Rimsha Masih, who was arrested in 2012, then an 11 year old child, and feared to face a death penalty for blasphemy for allegedly desecrating pages of the Quran by burning, was eventually acquitted of all charges when a local imam was arrested on suspicion of planting pages of religious texts in Rimsha’s bag. In mid 2013 after months of hiding, Rimsha and her family were able to escape to Canada.
Last December, a 58-year-old man accused of blasphemy was also freed, only after spending over nine years in jail. His sentence to life imprisonment was overruled by Supreme Court of Pakistan as the evidence used was not in accordance with the Evidence Act.
But Junaid Hafeez, a former Visiting Lecturer of English at Bahauddin Zakaria University of Multan, languishes in jail and awaits justice since the past five years. He has been accused of committing blasphemy on social media. His former lawyer Rashid Rehman, who had commented that it was like “walking into the jaws of death” to defend someone accused of blasphemy in Pakistan, was shot to death in his own office and had received death threats in front of a presiding Judge.

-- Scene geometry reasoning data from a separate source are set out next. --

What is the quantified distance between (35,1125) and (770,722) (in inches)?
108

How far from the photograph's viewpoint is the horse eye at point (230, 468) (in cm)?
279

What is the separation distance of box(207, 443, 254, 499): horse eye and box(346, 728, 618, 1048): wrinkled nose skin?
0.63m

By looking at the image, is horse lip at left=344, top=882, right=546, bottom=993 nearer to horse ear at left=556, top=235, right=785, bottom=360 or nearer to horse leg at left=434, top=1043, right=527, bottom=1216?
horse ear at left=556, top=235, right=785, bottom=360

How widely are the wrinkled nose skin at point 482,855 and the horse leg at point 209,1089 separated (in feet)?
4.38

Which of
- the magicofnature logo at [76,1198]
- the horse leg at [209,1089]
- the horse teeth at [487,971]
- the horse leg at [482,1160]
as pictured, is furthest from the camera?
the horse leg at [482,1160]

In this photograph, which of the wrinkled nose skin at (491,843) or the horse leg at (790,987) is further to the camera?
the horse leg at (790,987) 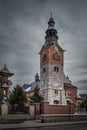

These are all cases of those ‘More sinned against than sinning’ the famous line from Shakespeare’s King Lear quoted at the end of Aasia Bibi’s verdict. Although in the document, the meaning of the name ‘Aasia’ has been written ‘sinful’, various other meanings include ‘to rise’, ‘hopeful’, and ‘one who tends to the weak and heals’. One hopes that the more promising meanings prevail and bring respite not only to the bearer of the name, but also to others suffering the same fate.